Tak hanya di Indonesia, di Malaysia, pelajaran Matematika
juga sangat ditakuti. Pelajaran berhitung itu sudah berkali-kali dicari
metodenya, hasilnya tetap menjadi momok bagi siswa.
“Di Malaysia, dalam menerapkan ilmu matematika mengacu pada
Amerika dan Australia. Namun tidak sepenuhnya cocok diterapkan. Sebagai contoh,
pengajaran matematika diharuskan menggunakan bahasa Inggris. Namun tidak
maksimal. Nilai siswa justru malah turun. Tahun ini keputusan tersebut dicabut,
pengajaran dikembalikan memakai bahasa Melayu,” terang Guru Besar Bidang
Matematika Universitas Sultan Idris Malaysia, Prof Madya Noor Syah Saad, ketika
menyampaikan makalahnya di Seminar Matematika dan Penerapannya di UMM Dome,
Sabtu (30/1).
Problem terbesar mengapa sulit mengangkat nilai matematika,
diakui Saad, karena kurang profesionalnya guru. Di Malaysia, profesionalisme
guru ditentukan oleh 17 poin, tetapi sangat jarang yang bisa meujudkannya. Di
antara standar profesionalisme itu
antara lain pengetahuan dan kefahaman, dan kemahiran pengajaran dan
pembelajaran.
Ungkapan Saad itu menyusul kegelisahan pembicara dari UMM,
Dr. Dwi Priyo Utomo. Dosen Matematika FKIP UMM ini berpendapat, sulitnya
memahamkan matematika pada siswa banyak dikarenakan pengetahuan konseptual dan
pengetahuan prosedural, terkadang tidak berjalan beriringan. Padahal kemampuan
tersebut menjadi dasar seorang siswa berhasil memecahkan masalah atau tidak.
“Kenyataannya, banyak siswa melakukan sesuai prosedur, namun tidak memiliki
konsep yang baik, atau sebaliknya,” kata mantan Dekan FKIP UMM ini.
Padahal, sebagaimana dilansir rektor UMM, Dr. Muhadjir
Effendy, MAP ketika membuka acara, matematika sebenarnya adalah human
activity. “Matematika adalah kegiatan
manusia sehari-hari, namun terkadang banyak orang tidak menyadarinya,” kata
Muhadjir.
Seminar Nasional Matematika dan Pendidikan Matematika, yang
diselenggarakan Program Studi Matematika FKIP UMM itu sendiri salah satunya
hendak membongkar persoalan terkait dengan citra pelajaran ini sebagai momok
siswa itu. Itulah sebabnya, berbagai persoalan mendasar dikupas.
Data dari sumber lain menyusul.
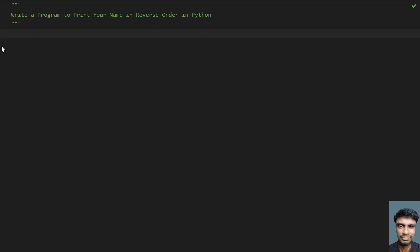Hey guys, welcome to my YouTube channel. In this video, let's learn how to write a program to print your name in reverse order in Python.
Salah satu metode yang mengemuka adalah menjadikan
matematika sebagai bagian dari nalar yang bsia diurai secara esai, bukan
sekedar angka-angka. “Untuk mendorong pemahaman, siswa harus terampil
mengkoneksikan keduanya (angka dan cerita).
Model penyelesaian soal cerita atau essai dapat merangsangnya. Namun
saat ini, model tersebut jarang digunakan, bahkan dikurangi porsinya,”ungkap
Dwi. Banyak hal yang menjadi penyebabnya. Siswa terlalu sering diberikan
pembelajaran secara instan, satu ditambah satu sama dengan dua. Siswa jarang
telaten menghadapi soal cerita, terlalu rumit, serta butuh kejelian dan waktu
lama.
Sementara itu, guru juga kesulitan membuat soal cerita,
selain membuatnya susah, mengkoreksinya rumit. Guru kurang telaten membiasakan
berimajinasi dan tidak terbiasa dengan translasi kata-kata.“Penerapan persoalam
translasi model simbol kata-kata, seperti soal cerita, seharusnya diajarkan
sejak dini, dan ditambah frekuensi pemberiannya. Karena pemecahan masalah
adalah puncak dari soal cerita,”pungkas Dwi.